The history of jaywalking is intriguing. After all, the streets used to be a place to gather, where vendors flourished, and even where children played.
Then, the Industrial Revolution came along with the rise of automobiles. Pedestrian deaths skyrocketed, as Vox reported. People were livid. They rightfully blamed the cars, demanding speed limits amongst other restrictions.
In retaliation and fear of losing sales, automakers, dealers, and enthusiasts joined forces to lobby for lawful pedestrian restrictions. Their goal was to clear the road for vehicles.
Campaigns in the 1920s by the auto industry and manufacturers aimed to criminalize jaywalking and redefine the streets. Much like how the auto industry tore down public transportation, their goal was to make their cars the kings of the road.
Posters, newspapers, and advertisements warned people against jaywalking using blame, shame, and ridicule, as Vox detailed. Even the origins of the term jaywalking suggest an act of a silly or unintelligent person, according to Merriam-Webster.
This fight for the road forever changed transportation in America, which is now the largest source of air pollution in the U.S. from production to operation.
According to new analysis from researchers at Virginia Tech and Rutgers University, the U.S. has one of the lowest walking rates in the world, with only 12% of all trips taken being walked. It’s even worse when you factor in that 30% of all trips taken in the U.S. are under 1.6 miles, as Big Think reported.

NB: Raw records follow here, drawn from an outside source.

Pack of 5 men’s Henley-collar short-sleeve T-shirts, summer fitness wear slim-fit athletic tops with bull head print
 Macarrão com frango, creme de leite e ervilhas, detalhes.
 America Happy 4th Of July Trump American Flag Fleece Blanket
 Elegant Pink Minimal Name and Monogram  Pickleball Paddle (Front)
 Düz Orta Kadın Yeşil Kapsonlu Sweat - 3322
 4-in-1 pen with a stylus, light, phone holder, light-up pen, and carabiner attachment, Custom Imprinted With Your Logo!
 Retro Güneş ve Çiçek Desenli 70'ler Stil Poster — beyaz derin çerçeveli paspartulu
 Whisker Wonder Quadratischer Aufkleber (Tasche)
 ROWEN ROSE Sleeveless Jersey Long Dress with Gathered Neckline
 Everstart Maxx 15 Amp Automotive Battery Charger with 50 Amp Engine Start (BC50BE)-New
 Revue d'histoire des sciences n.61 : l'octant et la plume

Gas-powered transportation is a major contributor to the overheating of our planet, accounting for almost 30% of all earth-warming air pollution in the U.S. annually. A report by the UN found that phasing out dirty energy for clean energy sources such as wind and solar is essential to healing our planet.
Walking or any other type of active transportation, when possible, is much better for our health and the planet.
Lewis Mumford, historian and author of “The Highway and the City,” wrote in 1958 (according to Smithsonian Magazine), “When the American people … voted for a twenty-six-billion-dollar highway program … they hadn’t the faintest notion of what they were doing.”
In 2023, the Freedom to Walk Act went live in California, decriminalizing safely crossing the street outside of a crosswalk. Michael Schneider, founder of the Los Angeles group Streets for All, told The New York Times, “It’s the start of taking the streets back and making them for people again.”